__Description of the task__: The lines from the one holding "Beliani Side Table" through the end of the records below are to be written out exactly, and nothing else; pictures are to be left out.

Content starts

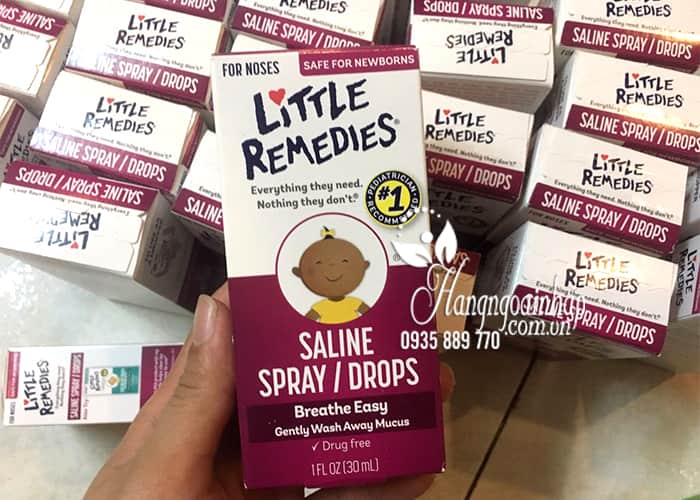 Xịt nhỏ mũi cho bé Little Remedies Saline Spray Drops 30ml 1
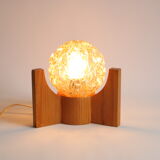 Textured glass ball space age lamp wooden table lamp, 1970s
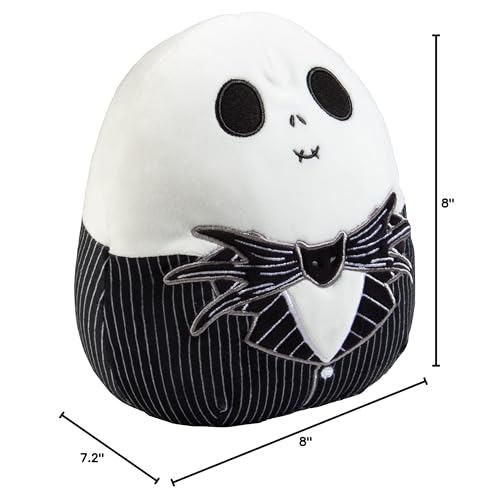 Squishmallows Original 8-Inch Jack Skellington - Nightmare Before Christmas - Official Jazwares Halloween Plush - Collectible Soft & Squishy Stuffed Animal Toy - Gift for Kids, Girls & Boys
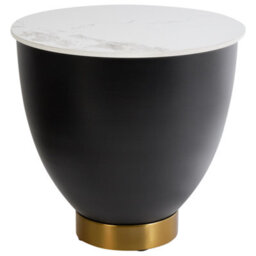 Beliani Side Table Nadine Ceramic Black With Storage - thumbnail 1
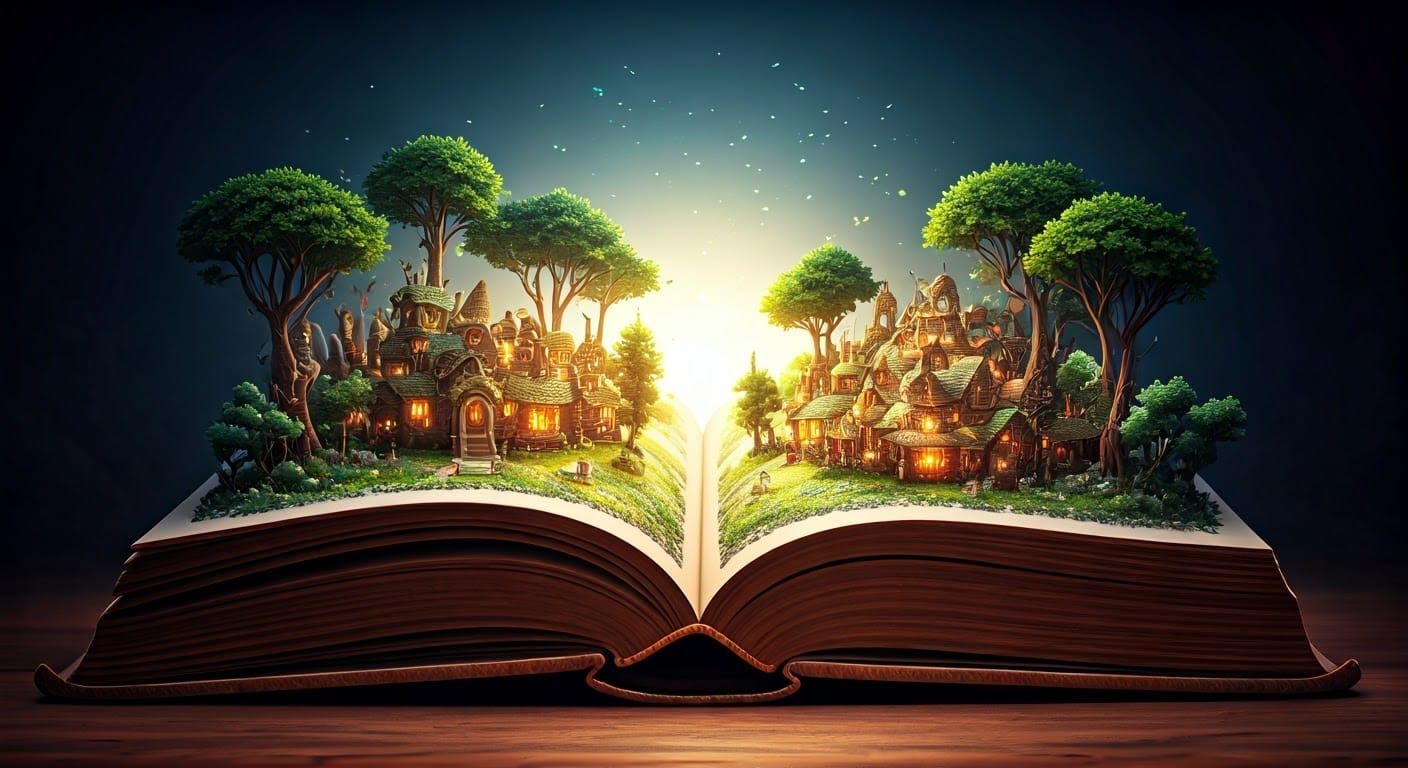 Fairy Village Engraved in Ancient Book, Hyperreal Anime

Content ends

__Exercise solution__:
 Beliani Side Table Nadine Ceramic Black With Storage - thumbnail 1
 Fairy Village Engraved in Ancient Book, Hyperreal Anime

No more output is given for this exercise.